Records excerpted from a collection
###
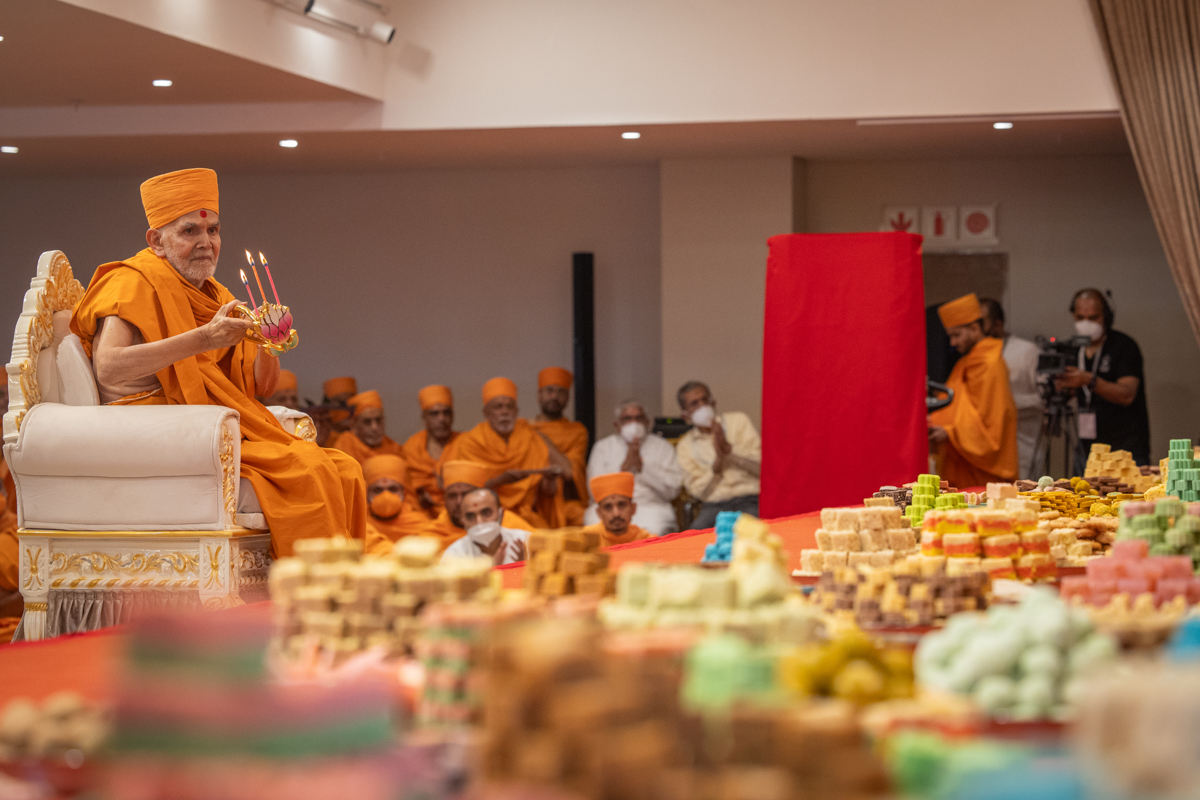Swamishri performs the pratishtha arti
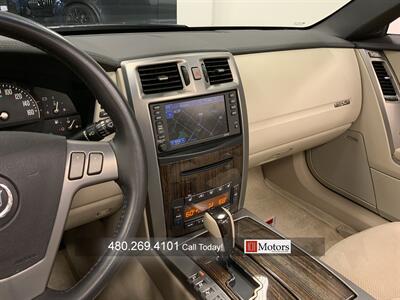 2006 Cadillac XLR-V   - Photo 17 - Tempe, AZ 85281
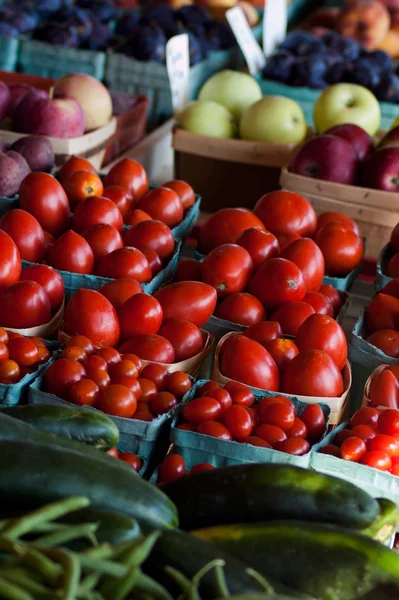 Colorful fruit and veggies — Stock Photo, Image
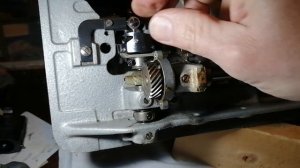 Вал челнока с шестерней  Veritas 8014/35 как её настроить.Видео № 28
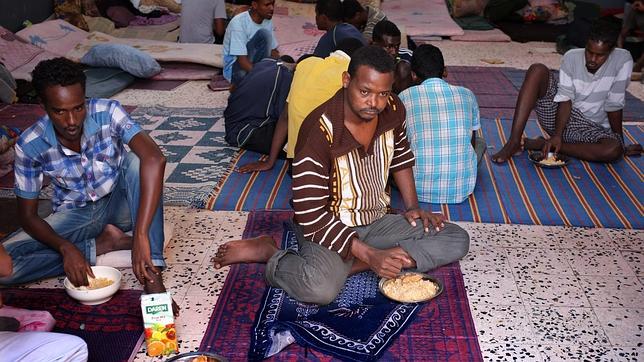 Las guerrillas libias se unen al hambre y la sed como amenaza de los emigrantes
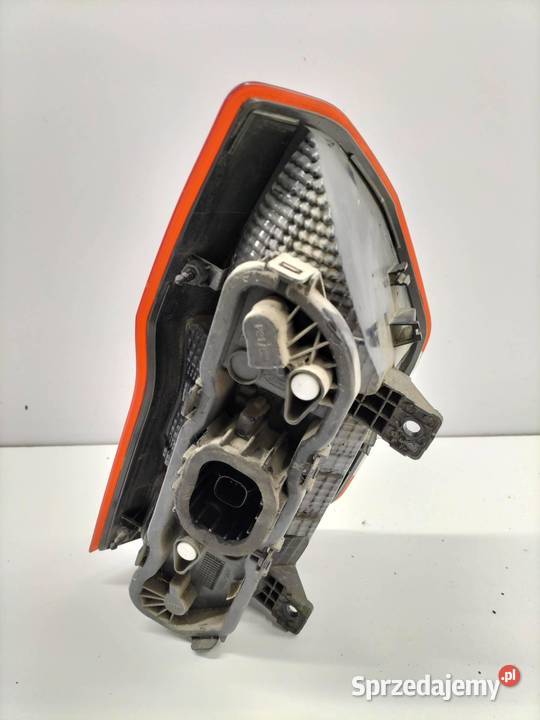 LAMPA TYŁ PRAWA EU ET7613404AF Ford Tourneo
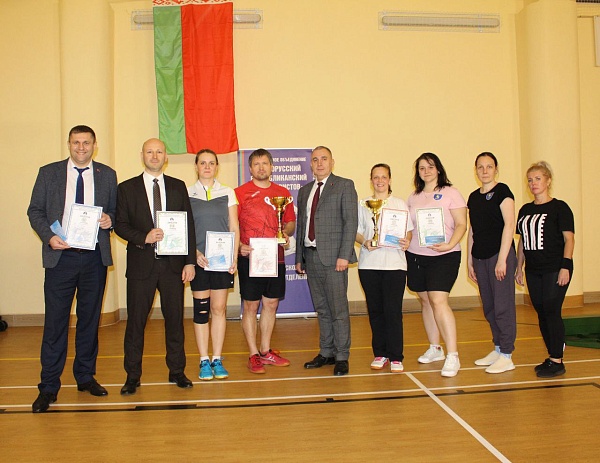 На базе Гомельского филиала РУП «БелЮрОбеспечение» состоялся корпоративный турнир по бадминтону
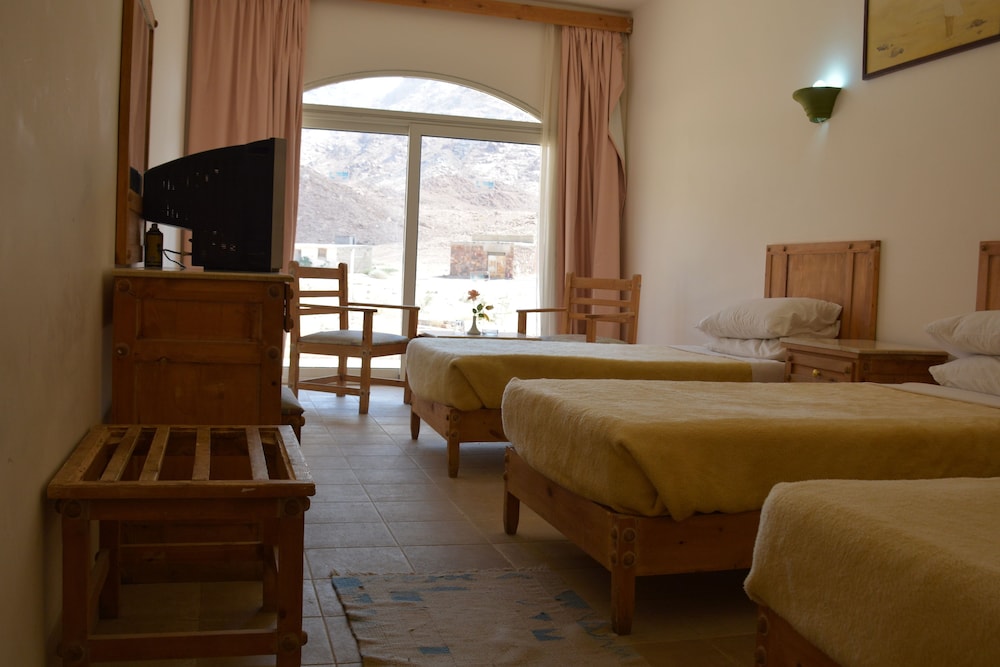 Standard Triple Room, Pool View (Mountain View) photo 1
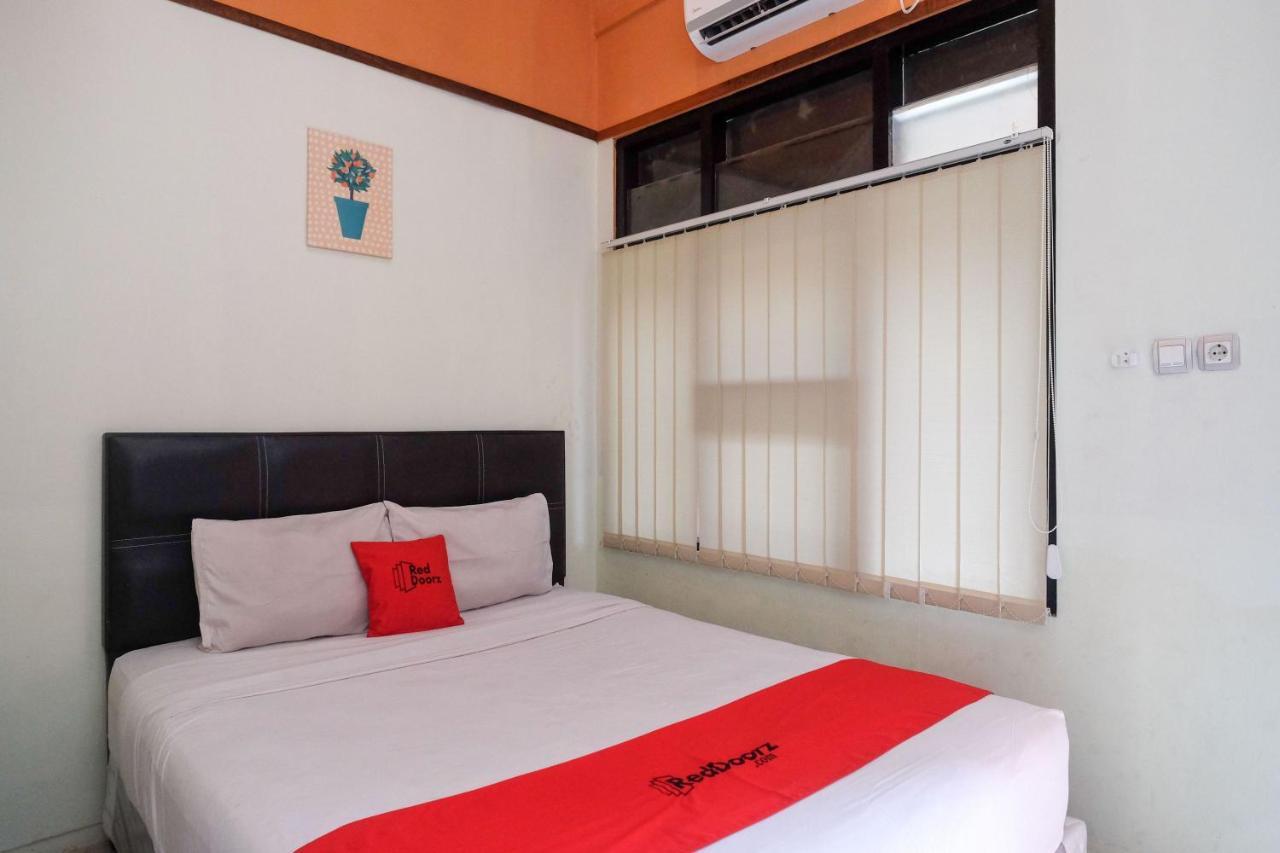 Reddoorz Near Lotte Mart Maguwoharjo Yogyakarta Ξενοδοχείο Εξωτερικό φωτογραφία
###
▸ Task description
Your job is to transcribe the entries above exactly; skip the pictures.

▸ Task result
Swamishri performs the pratishtha arti
 2006 Cadillac XLR-V   - Photo 17 - Tempe, AZ 85281
 Colorful fruit and veggies — Stock Photo, Image
 Вал челнока с шестерней  Veritas 8014/35 как её настроить.Видео № 28
 Las guerrillas libias se unen al hambre y la sed como amenaza de los emigrantes
 LAMPA TYŁ PRAWA EU ET7613404AF Ford Tourneo
 На базе Гомельского филиала РУП «БелЮрОбеспечение» состоялся корпоративный турнир по бадминтону
 Standard Triple Room, Pool View (Mountain View) photo 1
 Reddoorz Near Lotte Mart Maguwoharjo Yogyakarta Ξενοδοχείο Εξωτερικό φωτογραφία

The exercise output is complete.